A University of Washington student turns in a paper riddled with grammatical errors. Her professor rightly chides her, but she rolls out (what she thinks is) a good defense: She ran the paper through Microsoft Word's grammar check.

So the marketing and e-commerce prof took his chiding to Microsoft and said: "Microsoft the company should big improve Word grammar check." Word had no problem with that.

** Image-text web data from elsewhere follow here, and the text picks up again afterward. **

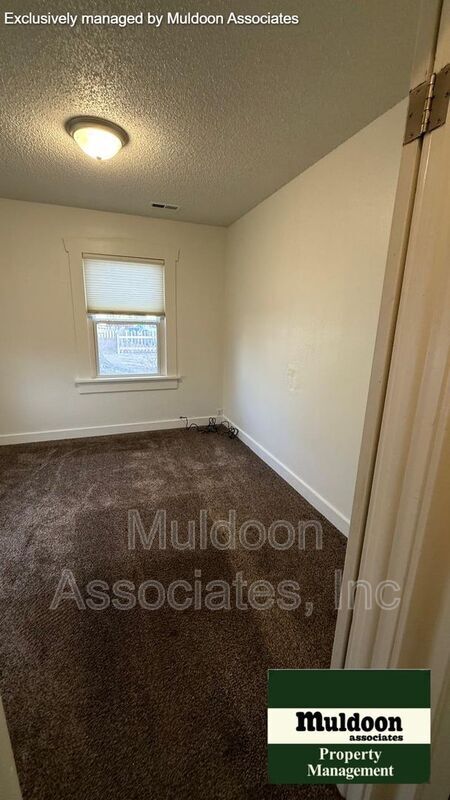 Building Photo - 1137 Van Buren St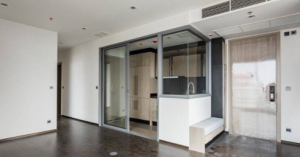 The Line Ratchataewee 3 Bed 2 Bath 1 Kitchen 80 sq.m.  Eng 中 日 Please add LINE ID @806qphgn o8415o5483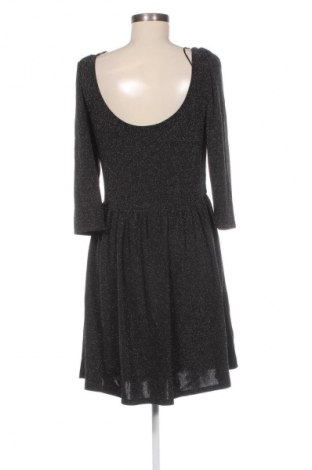 Kleid Terranova, Größe L, Farbe Schwarz, Preis 20,49 €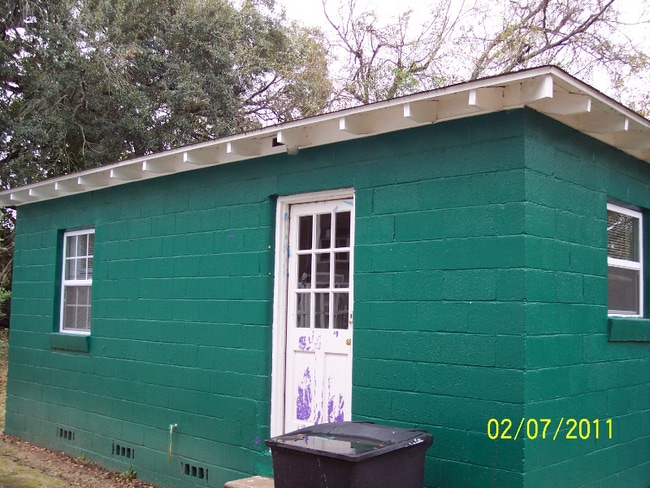 Building Photo - 1101 Colorado St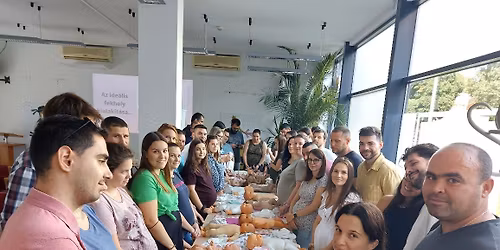 Sz\u00fcl\u00e9sfelk\u00e9sz\u00edt\u0151 P\u00e1lfi Bettivel P\u00e9csen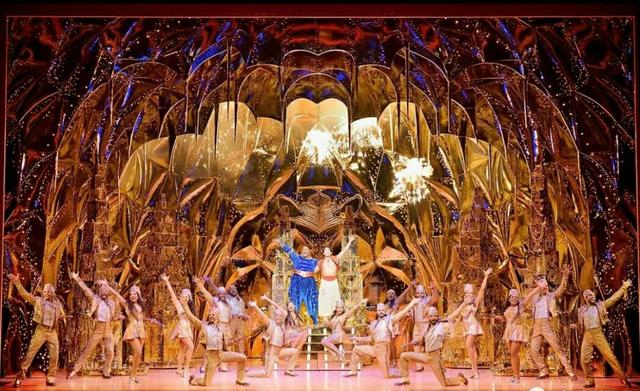 1000万人观看5项托尼奖提名|忆人生第1次看音乐剧《阿拉丁》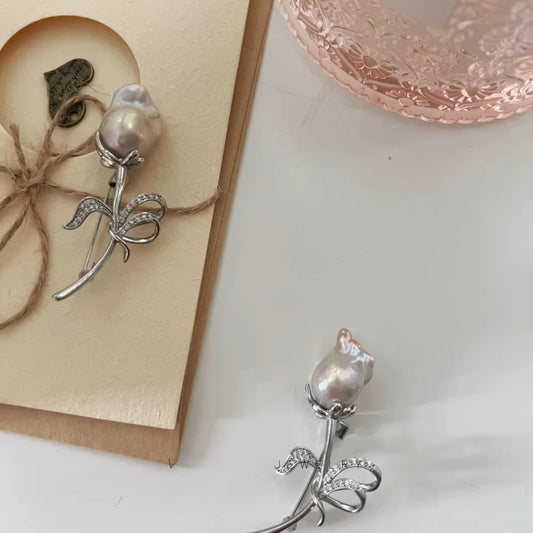 Baroque Floral Brooch Elegant Exquisite Art Lapel Pin for Women, Freshwater Grey Pearl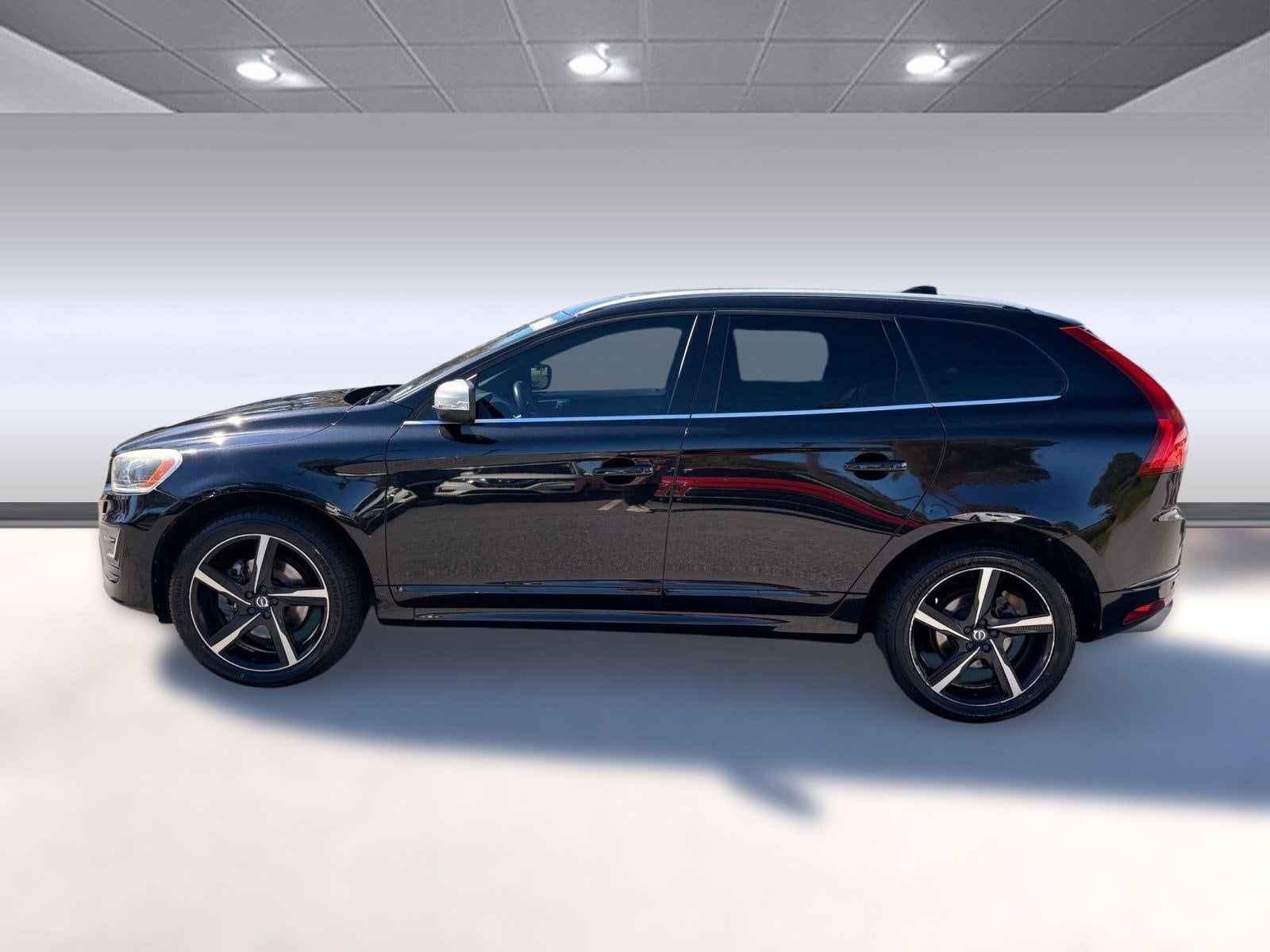 Used 2015 Volvo XC60 T6 R-Design Platinum with VIN YV4902RS3F2754897 for sale in Alpharetta, GA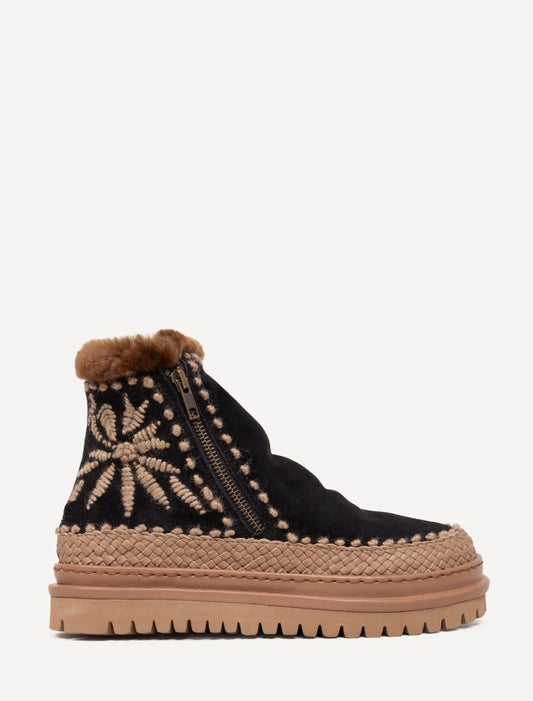 Setsu 4.0. Floral Black Suede Brown - Preorder - Ships 25 August 2026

But don't be too hard on Sandeep Krishnamurthy. He's also trying to get the word out to students.
"If you're a grad student turning in your term paper, and you think grammar check has completely checked your paper, I have news for you -- it really hasn't," he said.
An article in the Seattle Post-Intelligencer includes some passages the professor has gotten through the grammar check unflagged:
Marketing are bad for brand big and small. You Know What I am Saying? It is no wondering that advertisings are bad for company in America, Chicago and Germany. ... McDonald's and Coca Cola are good brand. ... Gates do good marketing job in Microsoft.
People seem to agree that the grammar check in Work can improve quite a bit. However, said Christopher Manning, assistant professor of linguistics and computer science at Stanford University, "it still wouldn't be as good as a good human editor."

Krishnamurthy has some examples of errors that fly by undetected on his Web page.